Pictures in the entries below are excluded; copy only the lines from the one containing "Kruidvat Prijsvoorbeeld: Miss" to the one containing "Antique Pair Gilt", both included.

Exercise material below:

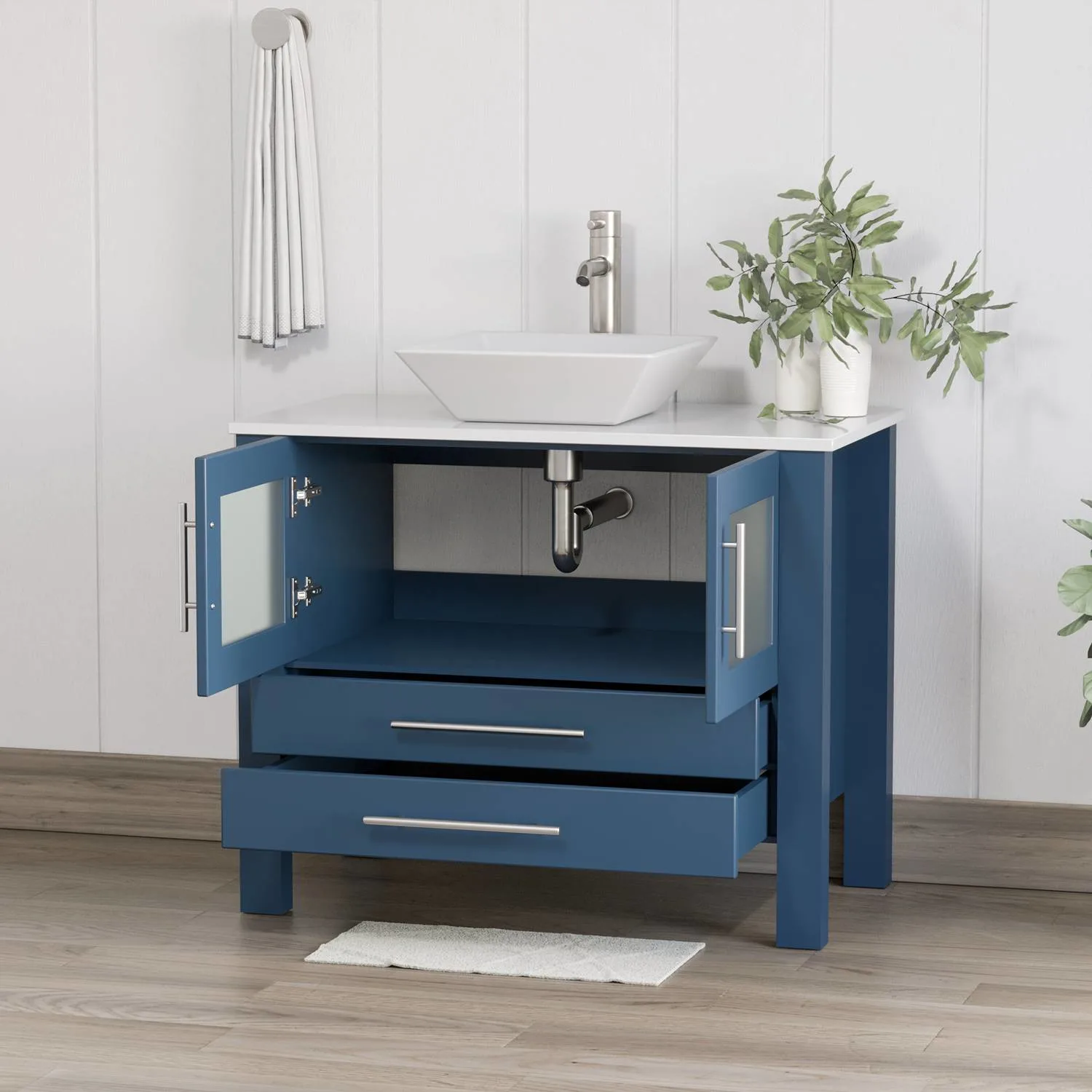 Cambridge Plumbing Complete 36 Inch White Porcelain Blue Vanity Set - image 2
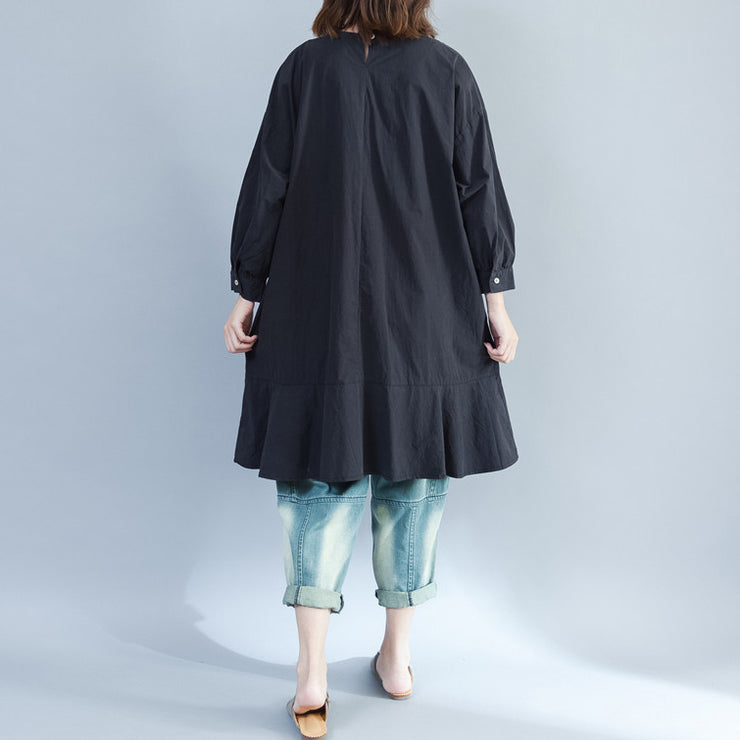 2021 baggy loose black prints cotton dresses plus size long  fit a line dress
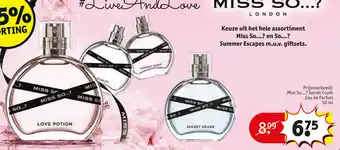Kruidvat Prijsvoorbeeld: Miss So...? Secret Crush Eau de Parfum 50ml aanbieding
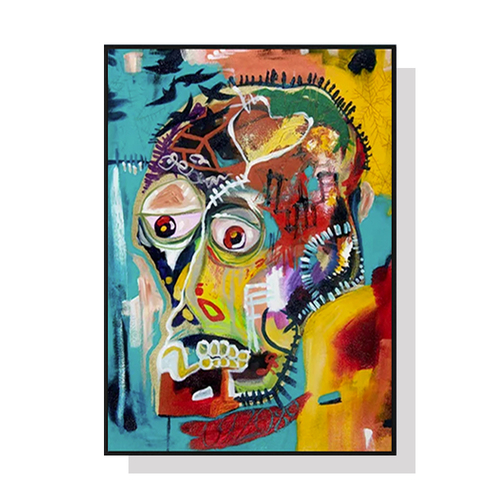Wall Art 60cmx90cm Pop Art Head Black Frame Canvas - Main Image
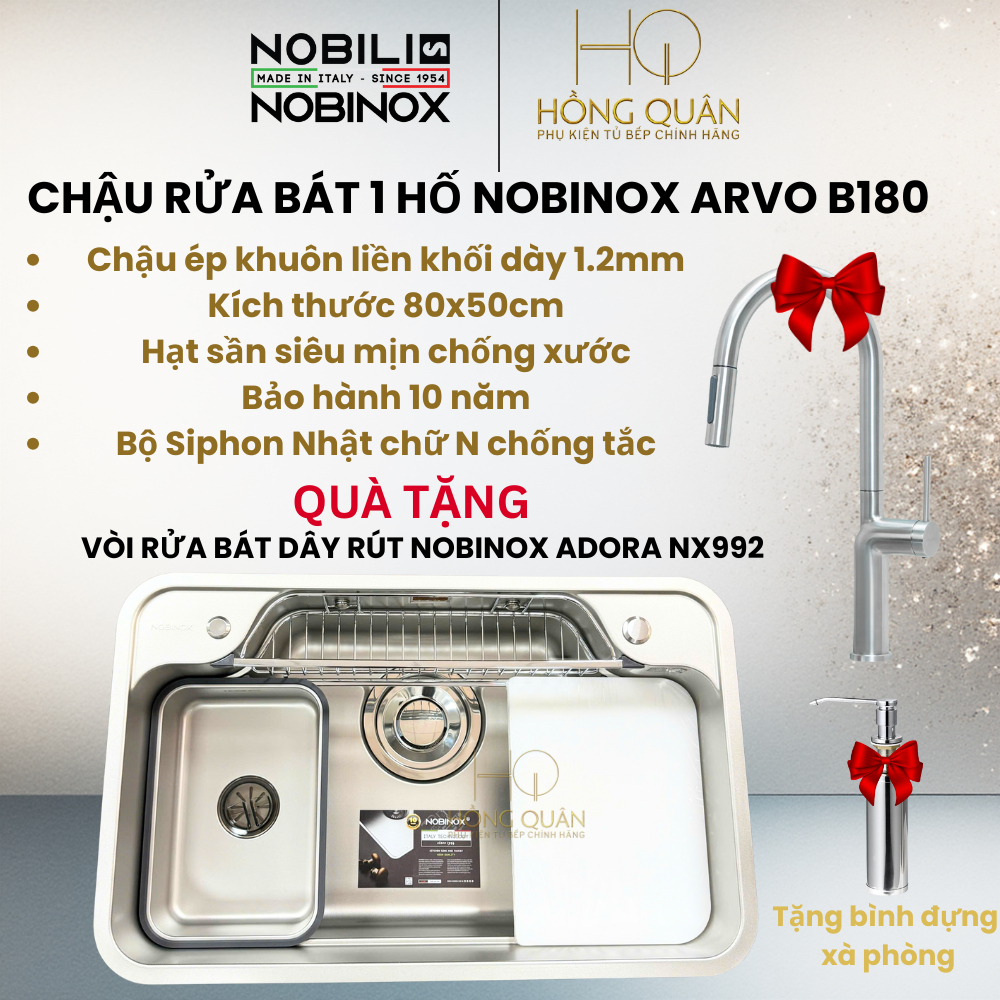Chậu rửa 1 hố chống xước Nobinox ARVO B180 CHÍNH HÃNG NOBINOX.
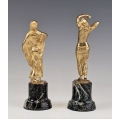 Antique Pair Gilt Bronze Sculptures Dancers Jose Dunach ( Spanish/French... image 5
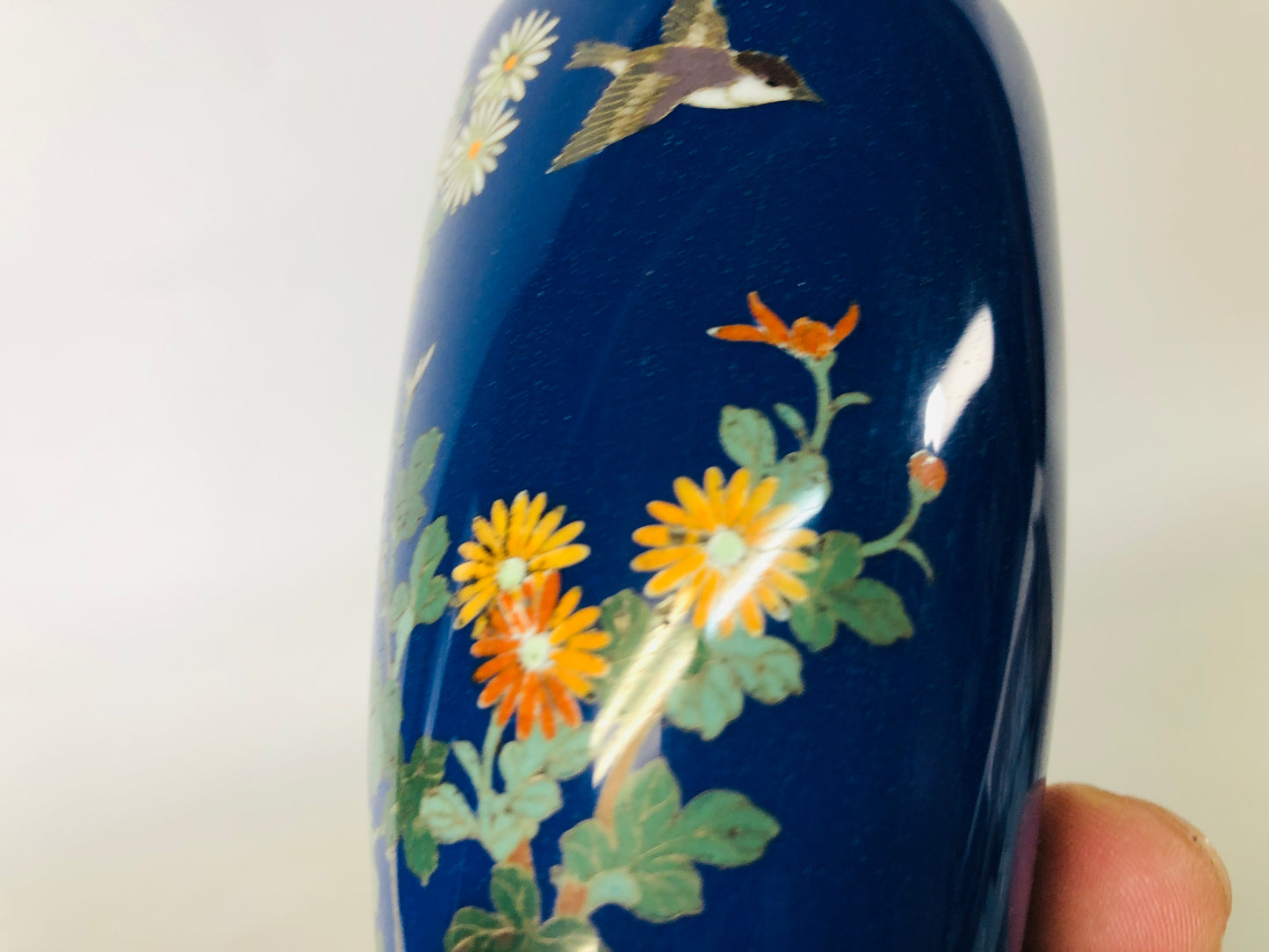 Y6872 [VIDEO] FLOWER VASE Cloisonne bird blue small Japan ikebana floral arrangement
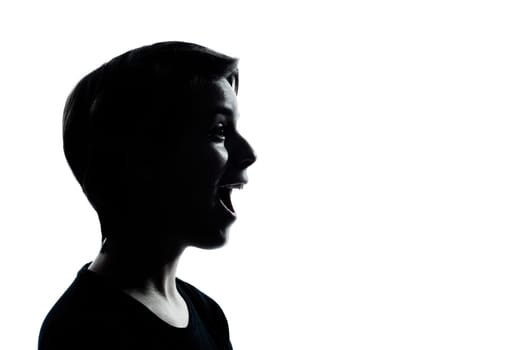 one caucasian young teenager silhouette boy or girl portrait in studio cut out isolated on white background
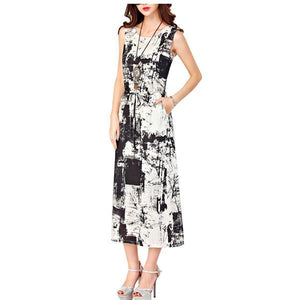Sleeveless O Neck Casual Straight Long Dress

End of Exercise material.

Answer space:
Kruidvat Prijsvoorbeeld: Miss So...? Secret Crush Eau de Parfum 50ml aanbieding
Wall Art 60cmx90cm Pop Art Head Black Frame Canvas - Main Image
Chậu rửa 1 hố chống xước Nobinox ARVO B180 CHÍNH HÃNG NOBINOX.
 Antique Pair Gilt Bronze Sculptures Dancers Jose Dunach ( Spanish/French... image 5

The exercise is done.